The policy is usually written for a stated amount of insurance, in accordance with the policyholder's estimate of the maximum value of the car insured. There is probably no one feature of the policy that has caused so much trouble for the companies as this item of amount of insurance. The average automobile | depreciates very rapidly. If the policyholder takes out his insurance at the time he buys a new car, which is the usual practice, then he naturally expects an amount of insurance equal to the amount he has had to pay for his car. If total loss occurs soon after, he expects, and usually receives, payment from the insurance company almost equal to the full amount of insurance. If the total loss occurs several months later, however, there is a question as to the actual amount of loss or damage. The assured naturally thinks his car is still worth almost as much as when new, whereas the insurance company knows that the actual value of the car is at least 20% less under ordinary circumstances, and that it may be as much as 40% or 60% less, depending on trade conditions, depreciation on automobiles in general, and the wear and tear on the car itself.

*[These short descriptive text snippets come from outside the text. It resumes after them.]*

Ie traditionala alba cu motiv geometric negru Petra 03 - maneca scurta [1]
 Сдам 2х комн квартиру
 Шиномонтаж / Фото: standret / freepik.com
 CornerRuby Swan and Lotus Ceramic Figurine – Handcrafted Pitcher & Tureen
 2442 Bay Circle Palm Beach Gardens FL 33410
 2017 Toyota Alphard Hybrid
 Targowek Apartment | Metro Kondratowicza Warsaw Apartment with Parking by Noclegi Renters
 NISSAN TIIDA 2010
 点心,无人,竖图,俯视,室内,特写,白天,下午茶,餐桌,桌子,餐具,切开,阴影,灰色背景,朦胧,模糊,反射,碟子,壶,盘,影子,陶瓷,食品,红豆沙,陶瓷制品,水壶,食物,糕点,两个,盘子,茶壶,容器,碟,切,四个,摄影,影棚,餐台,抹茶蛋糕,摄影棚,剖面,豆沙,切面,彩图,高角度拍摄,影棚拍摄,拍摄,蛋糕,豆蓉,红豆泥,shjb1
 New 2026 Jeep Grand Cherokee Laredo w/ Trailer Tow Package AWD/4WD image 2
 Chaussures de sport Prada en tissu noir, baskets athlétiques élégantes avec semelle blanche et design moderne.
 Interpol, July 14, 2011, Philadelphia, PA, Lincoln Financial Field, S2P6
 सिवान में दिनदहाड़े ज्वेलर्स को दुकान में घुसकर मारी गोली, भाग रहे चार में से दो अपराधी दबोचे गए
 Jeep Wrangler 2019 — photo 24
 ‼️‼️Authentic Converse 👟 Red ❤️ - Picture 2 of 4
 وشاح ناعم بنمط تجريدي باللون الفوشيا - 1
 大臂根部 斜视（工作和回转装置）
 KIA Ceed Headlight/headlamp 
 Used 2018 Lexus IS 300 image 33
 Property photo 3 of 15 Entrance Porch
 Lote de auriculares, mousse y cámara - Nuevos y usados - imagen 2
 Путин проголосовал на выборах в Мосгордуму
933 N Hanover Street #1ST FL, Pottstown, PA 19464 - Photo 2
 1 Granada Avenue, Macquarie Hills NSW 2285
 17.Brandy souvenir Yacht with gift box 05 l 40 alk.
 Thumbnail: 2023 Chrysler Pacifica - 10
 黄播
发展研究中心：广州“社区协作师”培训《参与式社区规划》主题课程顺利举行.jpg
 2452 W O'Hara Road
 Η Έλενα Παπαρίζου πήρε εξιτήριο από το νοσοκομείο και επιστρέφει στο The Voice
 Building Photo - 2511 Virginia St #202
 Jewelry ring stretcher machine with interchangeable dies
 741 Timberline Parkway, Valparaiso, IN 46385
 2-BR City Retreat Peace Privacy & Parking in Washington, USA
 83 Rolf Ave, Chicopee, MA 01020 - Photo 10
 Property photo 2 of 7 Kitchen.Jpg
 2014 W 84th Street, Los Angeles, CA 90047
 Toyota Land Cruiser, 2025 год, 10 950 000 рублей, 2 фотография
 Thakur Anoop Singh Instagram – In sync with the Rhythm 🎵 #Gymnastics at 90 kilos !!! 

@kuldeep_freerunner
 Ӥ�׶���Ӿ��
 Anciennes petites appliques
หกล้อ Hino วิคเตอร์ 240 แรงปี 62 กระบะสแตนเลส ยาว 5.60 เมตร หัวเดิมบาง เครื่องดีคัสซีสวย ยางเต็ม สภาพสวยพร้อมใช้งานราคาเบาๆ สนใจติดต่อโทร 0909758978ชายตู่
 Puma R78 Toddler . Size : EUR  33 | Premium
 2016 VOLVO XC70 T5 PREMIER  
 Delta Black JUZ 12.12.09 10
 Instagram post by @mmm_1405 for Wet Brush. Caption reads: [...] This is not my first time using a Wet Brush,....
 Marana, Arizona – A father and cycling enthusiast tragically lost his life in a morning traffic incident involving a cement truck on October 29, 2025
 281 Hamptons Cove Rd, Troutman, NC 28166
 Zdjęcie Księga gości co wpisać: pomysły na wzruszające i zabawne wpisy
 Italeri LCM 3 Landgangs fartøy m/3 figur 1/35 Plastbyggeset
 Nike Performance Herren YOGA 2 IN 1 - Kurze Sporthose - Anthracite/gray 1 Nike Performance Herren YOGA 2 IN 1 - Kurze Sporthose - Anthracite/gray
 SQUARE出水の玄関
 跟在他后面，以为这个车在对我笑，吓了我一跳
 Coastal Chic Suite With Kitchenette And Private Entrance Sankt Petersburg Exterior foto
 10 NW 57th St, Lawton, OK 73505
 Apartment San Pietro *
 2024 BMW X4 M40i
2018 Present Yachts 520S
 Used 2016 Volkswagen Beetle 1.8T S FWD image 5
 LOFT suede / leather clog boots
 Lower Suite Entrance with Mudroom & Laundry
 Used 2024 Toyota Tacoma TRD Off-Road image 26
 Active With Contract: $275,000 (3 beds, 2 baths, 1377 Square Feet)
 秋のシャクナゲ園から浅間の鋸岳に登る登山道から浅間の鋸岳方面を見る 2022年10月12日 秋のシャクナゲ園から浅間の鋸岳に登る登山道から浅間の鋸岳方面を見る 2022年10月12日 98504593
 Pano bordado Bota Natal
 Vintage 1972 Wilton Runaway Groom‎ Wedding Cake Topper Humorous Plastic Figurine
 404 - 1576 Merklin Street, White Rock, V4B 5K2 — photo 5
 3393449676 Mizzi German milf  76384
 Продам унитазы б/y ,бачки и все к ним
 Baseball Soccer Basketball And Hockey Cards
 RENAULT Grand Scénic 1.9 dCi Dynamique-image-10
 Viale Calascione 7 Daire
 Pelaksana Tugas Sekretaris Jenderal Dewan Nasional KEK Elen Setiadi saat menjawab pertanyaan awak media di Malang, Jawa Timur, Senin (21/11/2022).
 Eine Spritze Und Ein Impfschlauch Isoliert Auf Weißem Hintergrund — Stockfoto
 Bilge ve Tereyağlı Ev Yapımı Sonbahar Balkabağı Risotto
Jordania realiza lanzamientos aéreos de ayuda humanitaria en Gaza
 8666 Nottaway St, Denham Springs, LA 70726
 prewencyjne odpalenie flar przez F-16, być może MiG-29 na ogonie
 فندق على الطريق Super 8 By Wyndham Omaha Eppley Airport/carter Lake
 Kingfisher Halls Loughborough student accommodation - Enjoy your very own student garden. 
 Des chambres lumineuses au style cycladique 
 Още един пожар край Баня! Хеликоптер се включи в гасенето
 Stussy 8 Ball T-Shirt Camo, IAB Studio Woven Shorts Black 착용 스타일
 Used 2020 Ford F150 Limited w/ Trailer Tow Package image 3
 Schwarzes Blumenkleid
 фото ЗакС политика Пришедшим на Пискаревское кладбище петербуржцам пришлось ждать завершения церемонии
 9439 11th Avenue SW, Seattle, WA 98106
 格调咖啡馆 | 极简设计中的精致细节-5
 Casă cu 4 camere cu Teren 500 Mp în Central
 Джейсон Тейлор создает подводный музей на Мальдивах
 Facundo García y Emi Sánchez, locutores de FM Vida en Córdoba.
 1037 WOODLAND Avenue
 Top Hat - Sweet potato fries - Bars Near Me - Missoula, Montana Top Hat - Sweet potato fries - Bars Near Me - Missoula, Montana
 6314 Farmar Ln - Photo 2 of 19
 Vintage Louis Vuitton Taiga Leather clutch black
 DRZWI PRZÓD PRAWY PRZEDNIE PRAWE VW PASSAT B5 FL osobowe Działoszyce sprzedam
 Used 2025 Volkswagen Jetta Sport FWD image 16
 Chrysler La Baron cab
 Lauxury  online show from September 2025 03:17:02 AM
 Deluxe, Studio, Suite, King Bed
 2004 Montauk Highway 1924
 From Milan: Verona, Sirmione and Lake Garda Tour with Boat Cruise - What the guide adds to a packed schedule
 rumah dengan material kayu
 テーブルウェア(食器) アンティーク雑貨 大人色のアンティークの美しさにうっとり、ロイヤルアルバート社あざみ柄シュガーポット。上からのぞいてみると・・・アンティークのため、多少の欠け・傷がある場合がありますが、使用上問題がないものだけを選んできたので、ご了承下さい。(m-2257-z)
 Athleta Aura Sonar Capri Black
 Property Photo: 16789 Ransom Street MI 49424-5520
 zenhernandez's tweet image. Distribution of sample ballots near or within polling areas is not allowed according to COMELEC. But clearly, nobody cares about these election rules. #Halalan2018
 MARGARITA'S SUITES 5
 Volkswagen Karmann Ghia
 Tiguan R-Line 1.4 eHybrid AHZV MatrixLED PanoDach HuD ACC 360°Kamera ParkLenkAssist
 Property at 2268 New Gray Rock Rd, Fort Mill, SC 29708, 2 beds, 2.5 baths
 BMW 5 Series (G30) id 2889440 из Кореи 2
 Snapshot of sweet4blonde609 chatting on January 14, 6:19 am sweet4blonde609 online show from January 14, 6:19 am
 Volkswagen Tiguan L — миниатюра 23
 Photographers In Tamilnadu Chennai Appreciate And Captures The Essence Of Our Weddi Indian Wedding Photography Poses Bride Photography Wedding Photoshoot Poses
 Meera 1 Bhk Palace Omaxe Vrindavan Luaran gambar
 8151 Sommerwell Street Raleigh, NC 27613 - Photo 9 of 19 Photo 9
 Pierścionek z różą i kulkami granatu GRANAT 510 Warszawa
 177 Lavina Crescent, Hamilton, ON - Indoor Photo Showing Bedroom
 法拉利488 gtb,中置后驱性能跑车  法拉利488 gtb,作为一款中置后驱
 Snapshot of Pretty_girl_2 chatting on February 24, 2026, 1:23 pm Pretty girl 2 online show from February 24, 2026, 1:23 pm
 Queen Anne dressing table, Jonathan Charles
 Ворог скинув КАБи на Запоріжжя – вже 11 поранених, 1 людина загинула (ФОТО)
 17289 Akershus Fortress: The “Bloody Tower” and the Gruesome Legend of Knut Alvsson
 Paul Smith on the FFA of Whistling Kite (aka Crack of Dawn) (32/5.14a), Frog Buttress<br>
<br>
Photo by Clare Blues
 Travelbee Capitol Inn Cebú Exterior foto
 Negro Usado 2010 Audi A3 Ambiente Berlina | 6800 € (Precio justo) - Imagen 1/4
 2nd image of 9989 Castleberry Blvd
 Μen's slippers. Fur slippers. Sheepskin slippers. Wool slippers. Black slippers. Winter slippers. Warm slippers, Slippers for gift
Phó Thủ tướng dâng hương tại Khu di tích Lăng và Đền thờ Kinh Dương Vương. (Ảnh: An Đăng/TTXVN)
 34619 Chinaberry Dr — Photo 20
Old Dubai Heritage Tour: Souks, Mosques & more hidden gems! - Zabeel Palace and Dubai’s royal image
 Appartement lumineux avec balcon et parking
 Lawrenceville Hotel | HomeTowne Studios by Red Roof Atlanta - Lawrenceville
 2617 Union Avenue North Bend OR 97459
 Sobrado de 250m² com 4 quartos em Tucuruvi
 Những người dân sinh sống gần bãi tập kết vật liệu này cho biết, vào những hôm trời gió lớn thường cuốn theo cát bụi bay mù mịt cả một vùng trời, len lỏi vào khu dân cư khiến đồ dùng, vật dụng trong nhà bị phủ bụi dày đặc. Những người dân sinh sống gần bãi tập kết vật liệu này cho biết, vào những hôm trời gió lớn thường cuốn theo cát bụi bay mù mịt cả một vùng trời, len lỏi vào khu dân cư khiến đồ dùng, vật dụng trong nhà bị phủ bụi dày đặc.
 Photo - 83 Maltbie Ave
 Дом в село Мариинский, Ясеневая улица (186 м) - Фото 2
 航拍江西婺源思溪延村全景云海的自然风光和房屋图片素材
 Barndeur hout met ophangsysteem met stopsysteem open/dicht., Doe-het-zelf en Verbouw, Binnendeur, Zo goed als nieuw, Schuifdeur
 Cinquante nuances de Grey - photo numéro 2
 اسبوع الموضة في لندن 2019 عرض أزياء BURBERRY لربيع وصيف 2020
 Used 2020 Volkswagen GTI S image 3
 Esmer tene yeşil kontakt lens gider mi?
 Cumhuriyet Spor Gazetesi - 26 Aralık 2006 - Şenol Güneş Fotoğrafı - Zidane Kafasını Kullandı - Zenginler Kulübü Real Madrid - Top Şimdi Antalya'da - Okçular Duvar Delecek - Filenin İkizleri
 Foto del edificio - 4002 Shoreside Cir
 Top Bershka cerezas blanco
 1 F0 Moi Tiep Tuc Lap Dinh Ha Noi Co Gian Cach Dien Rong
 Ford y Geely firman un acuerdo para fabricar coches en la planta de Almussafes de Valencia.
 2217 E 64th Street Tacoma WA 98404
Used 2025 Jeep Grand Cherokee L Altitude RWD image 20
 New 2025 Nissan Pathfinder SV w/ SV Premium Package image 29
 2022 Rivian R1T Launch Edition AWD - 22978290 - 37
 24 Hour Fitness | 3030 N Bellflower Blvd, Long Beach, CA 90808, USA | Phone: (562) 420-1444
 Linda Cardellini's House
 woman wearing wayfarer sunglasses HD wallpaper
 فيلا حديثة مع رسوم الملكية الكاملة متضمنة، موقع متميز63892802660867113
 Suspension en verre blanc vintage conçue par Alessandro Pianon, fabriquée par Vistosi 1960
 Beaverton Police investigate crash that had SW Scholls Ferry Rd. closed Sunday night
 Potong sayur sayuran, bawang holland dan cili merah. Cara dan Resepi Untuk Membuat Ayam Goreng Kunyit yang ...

It is important to bear in mind that the policy restricts the amount to be paid by the insurance company in the event of loss to the actual loss or damage to the property insured, which in no event shall exceed

the actual cash value thereof at the time such loss or damage occurred (without compensation for the loss of use of the property), and that the payment shall in no event exceed what it would then cost to repair or replace the property, or such parts thereof as were damaged, with others of like kind and quality.

REINSTATEMENT OF AMOUNT OF INSURANCE

When a policy is written for a definite amount of insurance, each loss paid reduces the amount of insurance of the policy accordingly. An additional premium is required of the policyholder to reinstate the policy to its original amount of insurance. If the company pays the full amount of insurance stated in the policy on account of a total loss, the assured has had the full benefit of his policy coverage, even though the policy has not expired.

"NO AMOUNT POLICY" 2

There has been agitation recently for a fire policy that does not name any particular amount of insurance. A flat premium is charged for the car, and the car is insured for whatever value it may have at the time of loss. In the event of loss, the amount of actual loss is determined and that amount is paid no matter how large or small it may be. As a matter of fact,

2 Sometimes referred to as Actual Value Policy, Market Value Policy, Cash Value Policy, or No Sum Policy. See articles in April 25th, 1924, Automobile Insurance number of the Eastern Underwriter for pros and cons of cash value plan.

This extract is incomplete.